- TASK INSTRUCTIONS -
Take the data below and copy exactly the lines starting at the one with "Poster - Young" and finishing at the one with "Cmdr. Briana Welton", both included.

- THE DATA -
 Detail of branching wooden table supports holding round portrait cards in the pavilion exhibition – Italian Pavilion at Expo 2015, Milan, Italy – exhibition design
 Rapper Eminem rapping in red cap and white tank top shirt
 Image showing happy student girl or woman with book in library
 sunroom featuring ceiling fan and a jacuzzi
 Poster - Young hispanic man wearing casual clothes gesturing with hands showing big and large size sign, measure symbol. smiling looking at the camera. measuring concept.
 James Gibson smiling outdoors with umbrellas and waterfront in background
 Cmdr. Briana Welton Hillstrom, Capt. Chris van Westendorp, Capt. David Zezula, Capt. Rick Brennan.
--
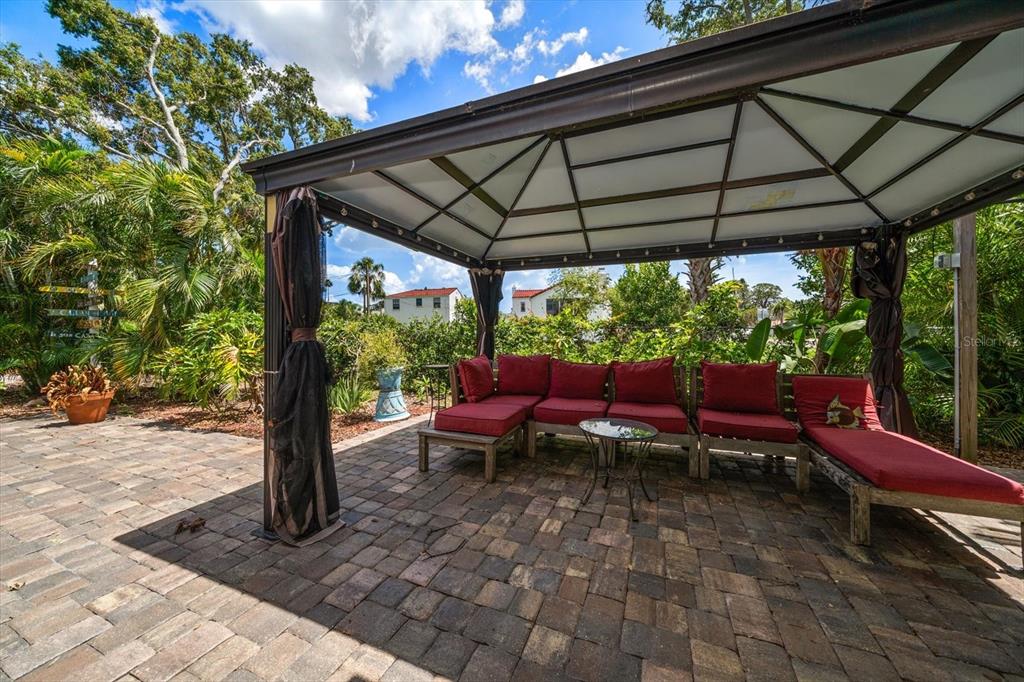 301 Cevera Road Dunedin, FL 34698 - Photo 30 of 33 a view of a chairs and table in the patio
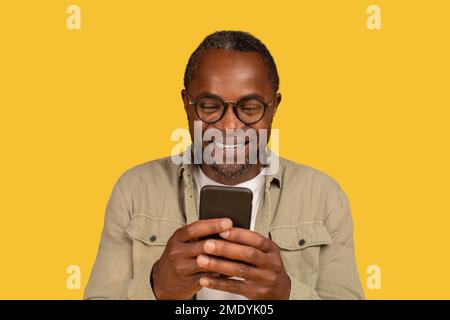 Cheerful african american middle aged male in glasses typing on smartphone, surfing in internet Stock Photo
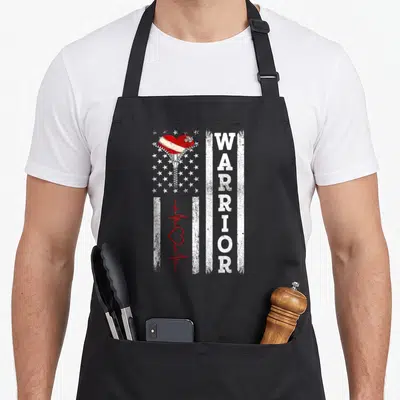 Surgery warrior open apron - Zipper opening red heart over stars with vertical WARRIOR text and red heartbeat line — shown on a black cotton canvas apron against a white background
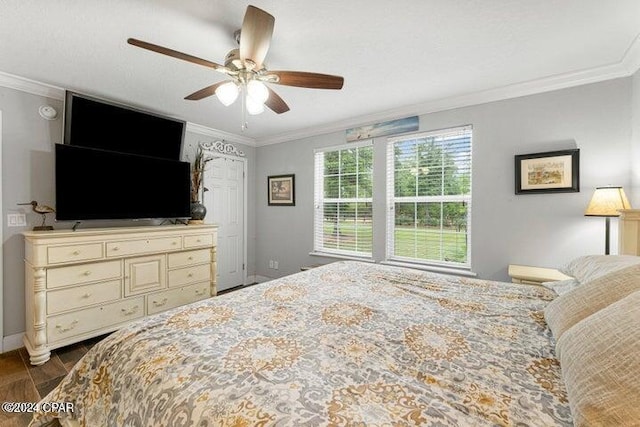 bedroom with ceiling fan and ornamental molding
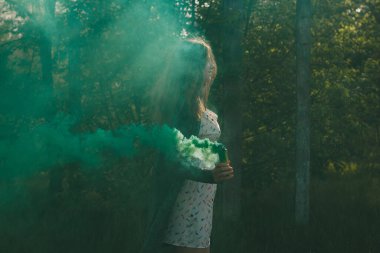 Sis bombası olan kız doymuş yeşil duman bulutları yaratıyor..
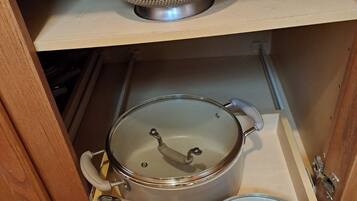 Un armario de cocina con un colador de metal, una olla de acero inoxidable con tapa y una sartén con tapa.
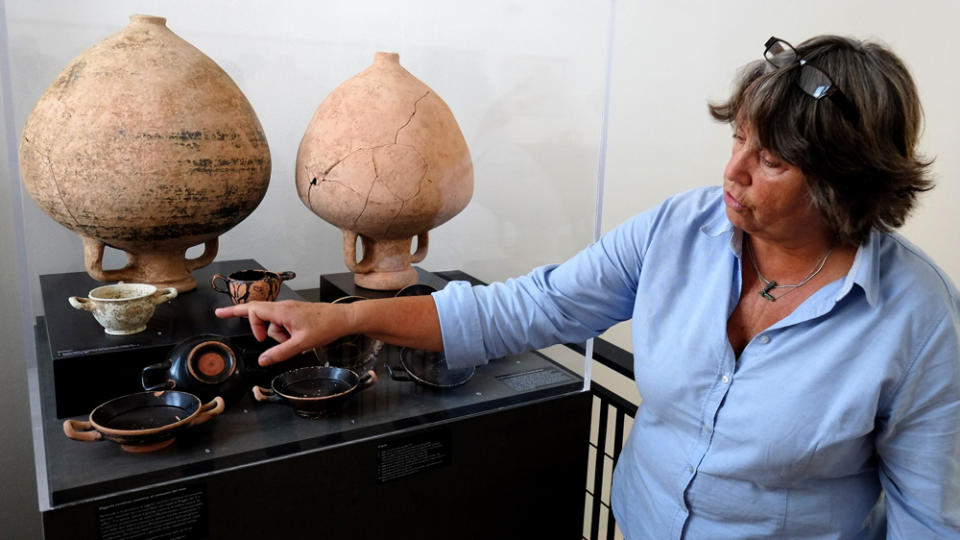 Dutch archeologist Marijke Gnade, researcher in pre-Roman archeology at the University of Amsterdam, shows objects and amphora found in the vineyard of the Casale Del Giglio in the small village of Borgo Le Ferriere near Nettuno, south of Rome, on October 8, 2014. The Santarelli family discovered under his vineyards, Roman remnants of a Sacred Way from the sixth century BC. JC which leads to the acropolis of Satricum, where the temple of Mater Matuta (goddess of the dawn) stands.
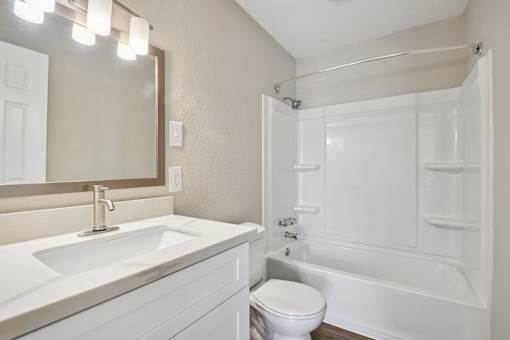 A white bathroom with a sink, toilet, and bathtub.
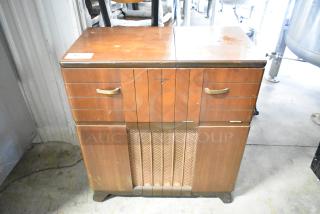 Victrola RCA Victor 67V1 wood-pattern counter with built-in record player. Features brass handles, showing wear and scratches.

- WORKED SOLUTION -
 Poster - Young hispanic man wearing casual clothes gesturing with hands showing big and large size sign, measure symbol. smiling looking at the camera. measuring concept.
 James Gibson smiling outdoors with umbrellas and waterfront in background
 Cmdr. Briana Welton Hillstrom, Capt. Chris van Westendorp, Capt. David Zezula, Capt. Rick Brennan.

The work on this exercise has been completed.